Why Are White Working-Class Boys Still Failing Their GCSEs?
Government education committee findings reveal that white working-class boys are the lowest performing demographic in schools. Only 18% of them achieve a grade 5 or above in their GCSEs (Parliament, 2021). In this context, white working-class boys are defined as those on free school meals.
A recent issue? Not really.
Every administration has swept this issue under the carpet since this question was raised by the 2010-2015 education committee. Only recently has the government decided to take action. A second education committee in 2020 found that this issue has been ongoing since 2004. The committee identified several reasons for this issue including cultural, socioeconomic, geographic and inter-generational.

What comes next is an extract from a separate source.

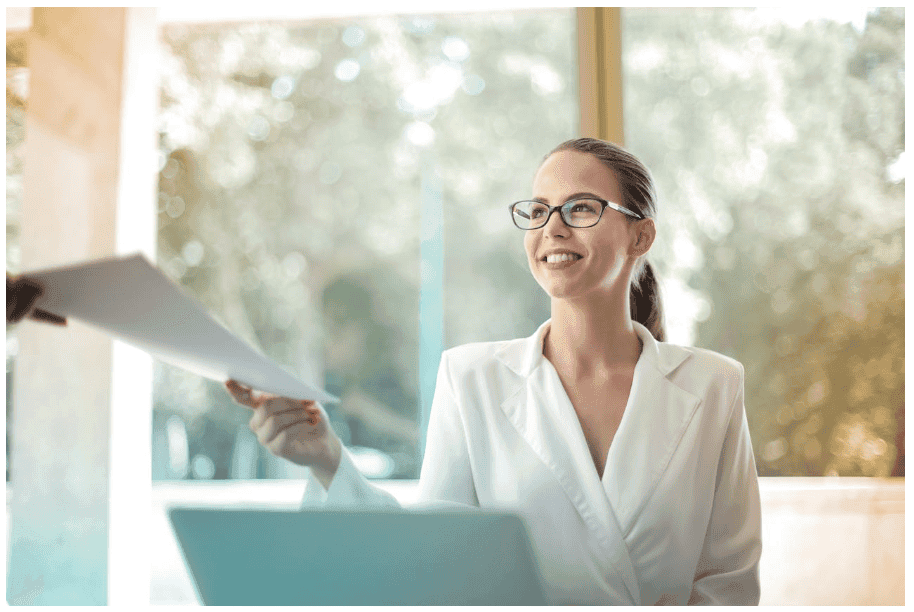 How to Write Essays with AI: Boost Your Writing Even If You Get Stuck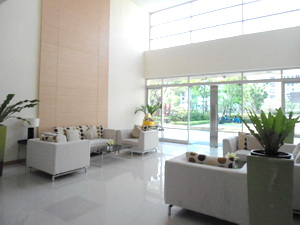 Condo for sale in Sukhumvit 101/1. Fully furnished 1 bedroom. Nice project with full facilites from TCCC developer. Easy access to BTS also Shuttle service to BTS is available.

The socioeconomic and geographical issues put forward included low household income, poor neighbourhoods, and poorer funded schools, particularly in rural areas and in the North. In these areas, where the majority of disadvantaged white working-class boys live, there is less annual funding than for schools in London. For a government that prides itself on education, it is risible that these disparities still exist.
It’s been found that disadvantaged children experience cultural and multi-generational barriers with regards to education. Their parents frequently had negative educational experiences with little input from their own parents, perpetuating the view of education as offering little value or benefit. As a parent stated to a Guardian reporter in 2016, “We’re not going to spend the only youth we have joining in a vast, grinding societal pantomime in which we pretend that we can transcend our place in the world when the odds are fatally stacked against us” (Lotts, 2016). Unsurprisingly, given this view, only 13% of disadvantaged working-class boys currently go on to higher education (Snowdon, 2020).
Are there solutions?
One possible solution to a multi-generational disbelief in education would be a bottom-up response. A community approach to knife crime has had some success. Could it not also be the case for this issue: communities would engage more in their children’s learning, with parents holding homework sessions in their homes and liaising directly with teachers.
A new look at the viability and funding of technical colleges, developing apprenticeship schemes, and funding vocational training are all possible routes forward for those of whom a standard education feels irrelevant. But judging from the past, the outlook is bleak - education has always been a political football, and the reality is that this vexed question will not be resolved any time soon.